A binomial distribution refers to a probability distribution that deals with two outcomes of an event, i.e., success or no success. The occurrence of one event does not depend on the occurrence of the other, i.e., the events are independent in nature. Also, the number of times an event is repeated is fixed. It is closely related to Bernoulli distribution. The probability of success or P(S) for each trial is the same and the probability of failure of the trial or P(F) is equal to 1 – P(S).
Examples of Binomial Distribution
1. Testing a Drug
The binomial distribution is prominently used in the field of drugs and medicine. Whenever a new drug is invented to cure a particular disease, the effectiveness of the drug can be represented by two outcomes, i.e., whether the drug cures the disease or it does not. Also, the side effects of the drug can be measured in a similar manner. Either the drug causes side effects or it does not. Since the experiment has two possible results, i.e., a success or a failure, it can be represented with the help of binomial distribution.
2. Participating in a Lucky Draw
If you participate in a lucky draw contest, there exist two possible outcomes, i.e., you either win the contest or you lose the contest. Hence, one can easily express the probability of such an event as success or failure with the help of binomial distribution.
3. Estimate the Number of Fraudulent Transactions
Banks often make use of binomial distribution to estimate the chances that a particular credit card transaction is fraudulent or not. The total number of fraudulent transactions occurring in a particular area is recorded and fed as information or data to the binomial distribution calculator. The binomial distribution further helps to predict the number of fraud cases that might occur on the following day or in the future.
4. Number of Spam Emails Received
The prediction of the number of spam emails received by a person is one of the prominent examples of binomial distribution. This is because an email has two possibilities i.e., either it can be a spam e-mail or not.

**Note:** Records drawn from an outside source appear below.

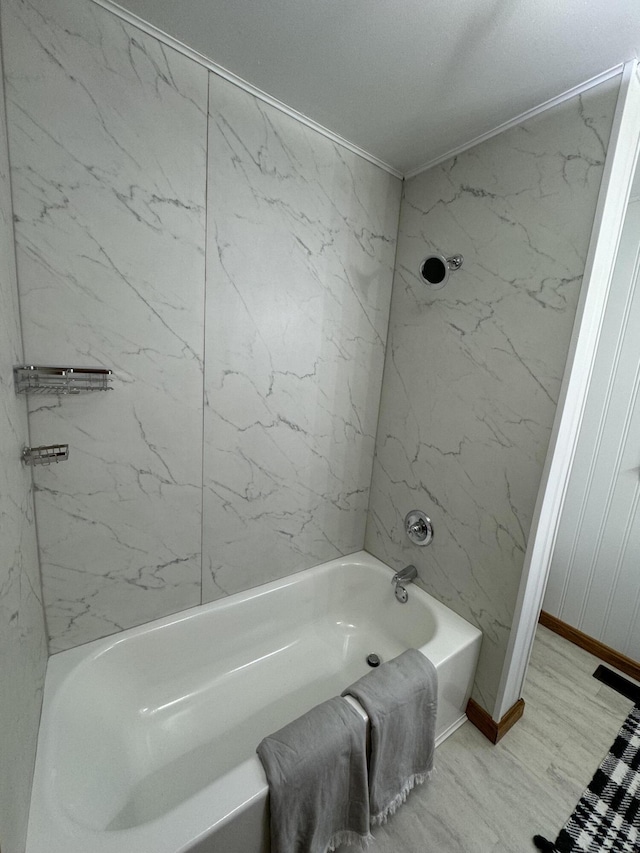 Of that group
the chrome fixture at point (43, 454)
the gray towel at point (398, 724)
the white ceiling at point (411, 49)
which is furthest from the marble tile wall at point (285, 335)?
the gray towel at point (398, 724)

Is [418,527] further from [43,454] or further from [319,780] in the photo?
[43,454]

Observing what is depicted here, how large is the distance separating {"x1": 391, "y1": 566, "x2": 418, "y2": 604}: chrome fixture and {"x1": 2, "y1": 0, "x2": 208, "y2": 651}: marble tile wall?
3.24 feet

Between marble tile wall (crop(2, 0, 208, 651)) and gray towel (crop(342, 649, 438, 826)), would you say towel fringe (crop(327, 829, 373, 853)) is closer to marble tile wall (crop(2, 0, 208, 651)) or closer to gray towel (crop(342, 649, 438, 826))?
gray towel (crop(342, 649, 438, 826))

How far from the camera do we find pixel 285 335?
60.4 inches

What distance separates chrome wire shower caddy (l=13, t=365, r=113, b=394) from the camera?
39.2 inches

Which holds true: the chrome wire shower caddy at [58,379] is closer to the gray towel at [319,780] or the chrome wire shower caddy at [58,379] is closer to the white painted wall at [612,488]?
the gray towel at [319,780]

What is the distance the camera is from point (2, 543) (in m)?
0.74

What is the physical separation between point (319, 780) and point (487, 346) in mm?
1501

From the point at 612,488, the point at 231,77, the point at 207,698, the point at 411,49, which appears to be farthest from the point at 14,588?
the point at 612,488

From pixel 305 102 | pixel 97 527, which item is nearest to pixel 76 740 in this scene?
pixel 97 527

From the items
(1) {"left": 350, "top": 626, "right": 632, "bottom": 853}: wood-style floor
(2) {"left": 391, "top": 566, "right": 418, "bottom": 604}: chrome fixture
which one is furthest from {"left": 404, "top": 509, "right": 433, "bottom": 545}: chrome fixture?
(1) {"left": 350, "top": 626, "right": 632, "bottom": 853}: wood-style floor

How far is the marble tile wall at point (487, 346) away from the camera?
3.96 feet

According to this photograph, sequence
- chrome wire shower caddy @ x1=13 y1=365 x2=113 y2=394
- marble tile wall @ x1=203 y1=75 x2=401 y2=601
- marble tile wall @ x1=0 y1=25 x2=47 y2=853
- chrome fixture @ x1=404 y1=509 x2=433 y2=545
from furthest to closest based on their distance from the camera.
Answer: chrome fixture @ x1=404 y1=509 x2=433 y2=545 < marble tile wall @ x1=203 y1=75 x2=401 y2=601 < chrome wire shower caddy @ x1=13 y1=365 x2=113 y2=394 < marble tile wall @ x1=0 y1=25 x2=47 y2=853

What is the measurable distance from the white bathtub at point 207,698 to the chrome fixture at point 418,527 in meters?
0.25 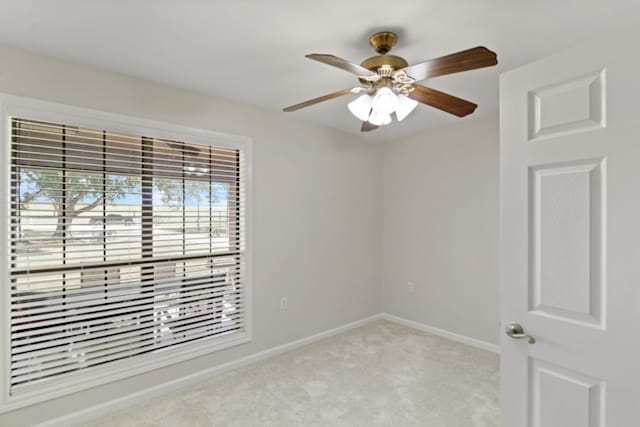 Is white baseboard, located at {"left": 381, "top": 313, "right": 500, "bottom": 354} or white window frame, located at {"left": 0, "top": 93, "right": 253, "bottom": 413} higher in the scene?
white window frame, located at {"left": 0, "top": 93, "right": 253, "bottom": 413}

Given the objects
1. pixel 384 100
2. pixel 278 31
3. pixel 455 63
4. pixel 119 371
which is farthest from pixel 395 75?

5. Number of Shopping Returns
When a person shops a product, he/she is often provided with a choice of returning the product within the given time duration. The probability that the person will return the product can be represented with the help of binomial distribution. It helps the shopkeeper to estimate the number of shopping returns faced by the firm in the near future.
6. Questioning a Group of People about being Colour Blind
Suppose you pick a person out of a group of ten random strangers. The probability of that particular person suffering from colour blindness can be represented with the help of binomial distribution. This is because there are two possible outcomes of the experiment, i.e., either the person is colour blind representing the success of the event or the person is not colour blind representing the failure of the event.

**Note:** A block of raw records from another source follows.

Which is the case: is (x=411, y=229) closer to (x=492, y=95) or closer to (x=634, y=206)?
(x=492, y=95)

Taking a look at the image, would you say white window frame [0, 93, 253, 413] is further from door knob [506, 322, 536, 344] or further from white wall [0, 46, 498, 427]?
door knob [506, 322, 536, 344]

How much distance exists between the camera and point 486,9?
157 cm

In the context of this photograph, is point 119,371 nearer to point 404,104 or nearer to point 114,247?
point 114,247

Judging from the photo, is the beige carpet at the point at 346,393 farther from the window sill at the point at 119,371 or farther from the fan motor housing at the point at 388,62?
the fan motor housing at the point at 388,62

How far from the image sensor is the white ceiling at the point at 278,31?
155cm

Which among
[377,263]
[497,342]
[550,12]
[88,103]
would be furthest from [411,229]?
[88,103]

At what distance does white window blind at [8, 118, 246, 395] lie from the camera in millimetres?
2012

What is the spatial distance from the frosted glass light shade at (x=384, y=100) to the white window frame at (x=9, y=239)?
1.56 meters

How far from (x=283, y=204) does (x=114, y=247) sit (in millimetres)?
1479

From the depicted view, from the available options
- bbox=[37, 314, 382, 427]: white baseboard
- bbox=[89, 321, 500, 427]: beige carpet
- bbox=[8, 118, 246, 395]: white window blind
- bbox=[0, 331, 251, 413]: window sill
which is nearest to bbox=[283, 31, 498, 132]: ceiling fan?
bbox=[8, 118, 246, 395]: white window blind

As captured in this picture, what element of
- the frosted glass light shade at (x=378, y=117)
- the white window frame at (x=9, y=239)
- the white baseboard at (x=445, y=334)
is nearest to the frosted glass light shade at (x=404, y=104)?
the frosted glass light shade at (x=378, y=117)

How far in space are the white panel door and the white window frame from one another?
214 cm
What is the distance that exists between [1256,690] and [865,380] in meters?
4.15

7. Participating in an Election
If you participate in an election, the probability is that you can either win the election or you lose the election. Hence, the event can be easily represented with the help of a binomial distribution. A binomial distribution calculator can also be used to calculate the chances of a particular political party winning or losing an election provided the previous record of the party winning or losing the elections is already known.

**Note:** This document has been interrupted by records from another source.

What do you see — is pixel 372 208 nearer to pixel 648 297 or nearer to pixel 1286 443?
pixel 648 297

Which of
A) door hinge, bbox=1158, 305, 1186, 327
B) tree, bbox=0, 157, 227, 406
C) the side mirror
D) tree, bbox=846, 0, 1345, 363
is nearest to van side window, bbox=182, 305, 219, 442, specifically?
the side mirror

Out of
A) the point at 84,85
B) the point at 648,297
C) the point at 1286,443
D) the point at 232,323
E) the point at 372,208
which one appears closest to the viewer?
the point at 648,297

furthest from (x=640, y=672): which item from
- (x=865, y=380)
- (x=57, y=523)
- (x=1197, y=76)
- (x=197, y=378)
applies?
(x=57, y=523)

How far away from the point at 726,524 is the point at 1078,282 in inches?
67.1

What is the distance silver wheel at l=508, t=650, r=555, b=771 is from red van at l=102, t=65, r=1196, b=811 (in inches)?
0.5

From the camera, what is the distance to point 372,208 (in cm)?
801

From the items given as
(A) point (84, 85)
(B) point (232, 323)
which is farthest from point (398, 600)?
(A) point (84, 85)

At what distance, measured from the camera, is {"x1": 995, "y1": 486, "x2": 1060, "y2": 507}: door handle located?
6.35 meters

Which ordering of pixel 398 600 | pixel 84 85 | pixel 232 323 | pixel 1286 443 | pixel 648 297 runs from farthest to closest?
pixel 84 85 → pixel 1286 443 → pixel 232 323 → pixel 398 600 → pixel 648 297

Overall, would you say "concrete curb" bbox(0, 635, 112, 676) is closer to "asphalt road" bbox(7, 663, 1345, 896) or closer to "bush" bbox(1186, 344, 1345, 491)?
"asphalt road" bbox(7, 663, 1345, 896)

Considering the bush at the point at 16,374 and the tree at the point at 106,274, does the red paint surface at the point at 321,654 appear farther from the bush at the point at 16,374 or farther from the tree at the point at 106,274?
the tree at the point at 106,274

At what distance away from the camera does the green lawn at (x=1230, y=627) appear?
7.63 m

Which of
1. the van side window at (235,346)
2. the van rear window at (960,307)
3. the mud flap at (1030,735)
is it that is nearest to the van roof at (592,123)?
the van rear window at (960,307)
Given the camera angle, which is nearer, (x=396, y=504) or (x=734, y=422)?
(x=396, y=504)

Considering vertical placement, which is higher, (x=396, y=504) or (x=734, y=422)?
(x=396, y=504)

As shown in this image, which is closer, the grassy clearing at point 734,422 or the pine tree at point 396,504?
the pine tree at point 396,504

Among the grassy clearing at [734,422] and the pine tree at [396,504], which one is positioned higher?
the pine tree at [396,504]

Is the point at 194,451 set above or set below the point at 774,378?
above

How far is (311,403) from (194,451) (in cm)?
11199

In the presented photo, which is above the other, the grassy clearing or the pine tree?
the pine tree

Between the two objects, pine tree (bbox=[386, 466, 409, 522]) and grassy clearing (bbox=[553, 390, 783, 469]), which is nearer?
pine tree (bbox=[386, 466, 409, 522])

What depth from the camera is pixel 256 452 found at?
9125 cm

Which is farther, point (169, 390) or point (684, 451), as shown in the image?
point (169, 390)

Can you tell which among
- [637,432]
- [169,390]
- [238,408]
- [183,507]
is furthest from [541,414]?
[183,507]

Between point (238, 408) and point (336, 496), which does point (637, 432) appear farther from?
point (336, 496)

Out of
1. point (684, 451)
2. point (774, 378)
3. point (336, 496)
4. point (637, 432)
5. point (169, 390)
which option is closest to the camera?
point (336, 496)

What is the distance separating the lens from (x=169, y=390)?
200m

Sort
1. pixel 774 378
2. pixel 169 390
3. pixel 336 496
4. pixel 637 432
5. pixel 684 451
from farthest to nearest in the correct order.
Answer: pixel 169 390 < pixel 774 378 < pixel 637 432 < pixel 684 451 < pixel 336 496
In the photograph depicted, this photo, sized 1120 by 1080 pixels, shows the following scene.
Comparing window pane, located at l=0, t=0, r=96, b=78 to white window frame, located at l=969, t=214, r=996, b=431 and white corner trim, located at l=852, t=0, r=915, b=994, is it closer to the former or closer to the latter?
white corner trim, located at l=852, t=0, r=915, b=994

8. Supporting a particular Sports Team
If you support a particular sports team in a game or an event, the chances of the event are that either your favoured team wins or loses the match. The two outcomes of the event represent the success or failure of the experiment therefore, the best-suited distribution in such a case is the binomial distribution. Similarly, binomial distribution can also be applied if you are playing a particular sport because there are two consequences of the event, i.e., either winning or losing.